F.J. Ossang est sans doute le dernier grand poète du cinéma français. C’est Gaspard Ulliel, l’acteur, qui le dit. Il est loin d’être le seul. Toutefois la poésie et l’exigence du réalisateur français a un prix. L’audace ne paie pas toujours, alors l’existence de 9 Doigts dépend aussi de l’aide de ses futurs spectateurs.

 

Un cinéaste déterritorialise au lieu de dénoncer, il remonte instinctivement au génie supérieur de la lumière, comme le poète – au lieu de trivialiser l’esprit des lieux en les passant au crible délateur de sa caméra – sinon à quoi bon !… (F.J. Ossang, Mercure insolent, p.106)
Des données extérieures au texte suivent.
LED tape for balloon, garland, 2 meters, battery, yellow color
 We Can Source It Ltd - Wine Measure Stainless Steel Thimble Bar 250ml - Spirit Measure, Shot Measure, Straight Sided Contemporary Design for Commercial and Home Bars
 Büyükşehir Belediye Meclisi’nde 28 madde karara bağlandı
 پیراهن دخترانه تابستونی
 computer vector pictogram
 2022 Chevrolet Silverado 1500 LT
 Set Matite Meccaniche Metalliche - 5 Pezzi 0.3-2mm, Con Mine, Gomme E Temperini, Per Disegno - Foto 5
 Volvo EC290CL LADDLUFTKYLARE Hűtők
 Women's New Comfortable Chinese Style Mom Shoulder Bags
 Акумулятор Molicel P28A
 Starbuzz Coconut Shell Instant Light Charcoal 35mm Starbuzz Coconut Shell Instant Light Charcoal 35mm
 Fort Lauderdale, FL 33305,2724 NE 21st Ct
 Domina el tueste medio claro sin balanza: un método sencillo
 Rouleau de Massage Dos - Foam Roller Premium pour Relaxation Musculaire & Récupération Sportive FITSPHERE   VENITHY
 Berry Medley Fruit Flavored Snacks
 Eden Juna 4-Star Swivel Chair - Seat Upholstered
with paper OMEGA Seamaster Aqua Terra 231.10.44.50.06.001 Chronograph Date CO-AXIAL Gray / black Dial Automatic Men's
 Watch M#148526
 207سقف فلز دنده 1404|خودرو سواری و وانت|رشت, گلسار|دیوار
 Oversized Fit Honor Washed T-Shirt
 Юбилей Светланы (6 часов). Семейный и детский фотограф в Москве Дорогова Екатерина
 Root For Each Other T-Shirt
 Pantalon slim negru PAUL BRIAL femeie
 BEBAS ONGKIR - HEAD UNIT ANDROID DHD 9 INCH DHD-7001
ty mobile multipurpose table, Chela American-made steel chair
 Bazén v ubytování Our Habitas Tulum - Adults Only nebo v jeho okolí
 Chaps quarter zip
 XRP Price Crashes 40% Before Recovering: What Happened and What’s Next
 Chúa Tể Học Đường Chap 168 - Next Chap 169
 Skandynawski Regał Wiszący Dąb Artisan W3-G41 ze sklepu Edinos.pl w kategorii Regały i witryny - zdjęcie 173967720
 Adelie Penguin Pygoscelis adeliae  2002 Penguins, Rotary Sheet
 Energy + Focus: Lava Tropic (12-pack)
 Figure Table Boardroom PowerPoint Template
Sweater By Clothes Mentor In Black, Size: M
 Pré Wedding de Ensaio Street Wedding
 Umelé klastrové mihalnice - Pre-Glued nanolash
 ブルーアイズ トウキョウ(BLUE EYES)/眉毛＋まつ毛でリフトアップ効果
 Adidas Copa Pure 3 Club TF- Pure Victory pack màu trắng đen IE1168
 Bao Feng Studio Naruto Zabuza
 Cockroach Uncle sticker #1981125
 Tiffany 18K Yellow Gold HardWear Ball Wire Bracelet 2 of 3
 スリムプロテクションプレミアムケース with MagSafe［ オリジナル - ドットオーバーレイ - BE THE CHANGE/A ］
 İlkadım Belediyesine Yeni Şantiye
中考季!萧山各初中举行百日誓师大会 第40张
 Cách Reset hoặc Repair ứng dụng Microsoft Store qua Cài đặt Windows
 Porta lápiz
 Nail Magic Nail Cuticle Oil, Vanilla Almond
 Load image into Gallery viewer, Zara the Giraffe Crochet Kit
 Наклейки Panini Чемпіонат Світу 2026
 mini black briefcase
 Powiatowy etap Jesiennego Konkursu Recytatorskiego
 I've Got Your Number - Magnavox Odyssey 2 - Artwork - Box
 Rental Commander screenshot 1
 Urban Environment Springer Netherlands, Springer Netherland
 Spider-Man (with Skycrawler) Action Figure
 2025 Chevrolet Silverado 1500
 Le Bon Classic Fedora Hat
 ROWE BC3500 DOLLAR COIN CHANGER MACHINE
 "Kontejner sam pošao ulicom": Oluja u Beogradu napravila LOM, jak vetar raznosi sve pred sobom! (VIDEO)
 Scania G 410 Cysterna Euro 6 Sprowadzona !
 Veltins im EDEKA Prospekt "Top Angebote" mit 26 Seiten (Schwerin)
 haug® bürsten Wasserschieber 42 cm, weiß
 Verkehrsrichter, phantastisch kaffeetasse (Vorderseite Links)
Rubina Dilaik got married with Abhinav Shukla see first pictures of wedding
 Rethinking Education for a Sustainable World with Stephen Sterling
9 doigtsDepuis les glaciales furies punk de son groupe MKB Fraction Provisoire (fondé en 1982) jusqu’à la frénésie du cinéma le plus singulièrement moderne et poétique en passant par l’aventure de l’écrit avec la revue Cée (édité par Christian Bourgois, excusez du peu), Ossang scrute les racines creuses et les cieux blafards de nos mythologies contemporaines… Depuis 1982 F.J Ossang (voir notre article sur son livre Mercure insolent) a bataillé pour réaliser ses 5 courts-métrages et 4 longs-métrages. Il fait jouer Clovis Cornillac à ses débuts dans Le trésor des îles chiennes (1990, pour lequel il reçoit le grand prix au festival de Belfort), met en scène le leader des Clash, Joe Strummer, dans Docteur Chance (1997) et toujours, toujours il affirme son indépendance et sa haute conception de l’art du kinématographe.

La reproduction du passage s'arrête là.